Ujian peserta didik SLTA maupun SLTP kali ini seperti ujian sebelumnya selalu disambut dengan perasaan cemas serta khawatir para peserta didik, pendidik maupun orang tua peserta didik.
Peserta didik kemudian melakukan berbagai cara,belajar semalam suntuk, guru guru berpacu dengan materi dan tak sedikit orang tua peserta didik menjadi terserang depressi serta perut kembung karena memikirkan anak anaknya yang mengadu nasib menghadapi UAN.
Format kelulusan tahun ini agak berbeda karana prestasi peserta didik selama belajar di bangku SLTP maupun SLTA ikut menentukan kelulusan meski dengan nilai koofisien relatip kecil yakni 40 % sementara nilai UAN murni memiliki persentasi 60%. Ini merupakan jawaban dari Kemendiknas terhadap kritik format kelulusan sebelumnya yang hanya ditentukan dari nilai UAN saja.

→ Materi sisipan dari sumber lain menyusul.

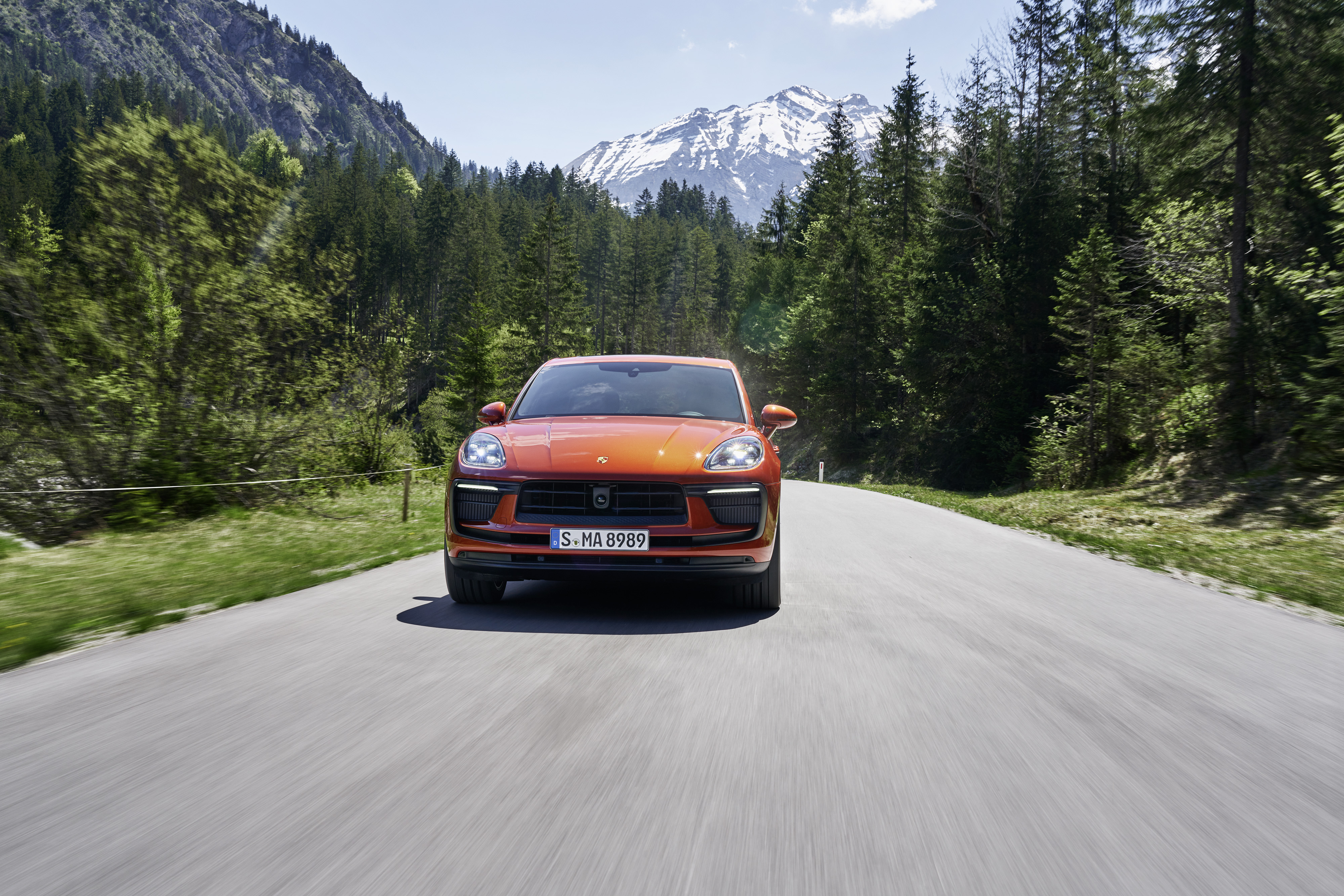 Red Porsche Macan S SUV on a mountain road HD Wallpaper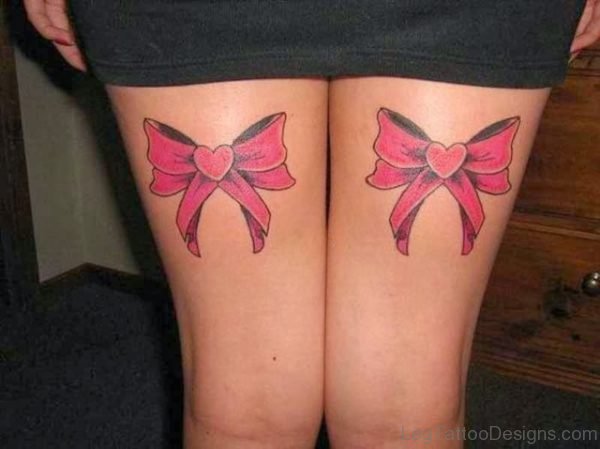 Cool Pink Bow Tattoo On Thigh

Dalam pelaksanaan UAN selalu ditemui kecurangan kecurangan untuk memuluskan jalan peserta didik mendapatkan nilai yang "memadai." Kecurangan itu bisa berupa didongkraknya nilai raport, kebocoran soal maupun beredarnya jawaban melalui SMS. Sulit memang untuk membuktikan hal tsb namun rasa keadilan kita tentu bisa merasakan adanya bentuk kecurangan kecurangan itu.
Dilapangan kemudian kita tahu, katakan Si Fulan yang hubungan "konesksi "dengan teman temanya baik akan mendapat nilai yang lebih tinggi dibandingkan dengan seorang anak yang secara akademis baik namun tidak punya koneksi
Tentu kemudian muncul apakah nilai penentuan kelulusan juga menyangkut aspek Afektif maupun Psikomotorik peserta didik ?
Tidak fair kemudian kalau UAN yang lebih fokus menilai aspek pengetahuan siswa dan tanpa melibatkan sikap , motivasi serta perilaku dipergunakan untuk menghakimi nasib peserta didik.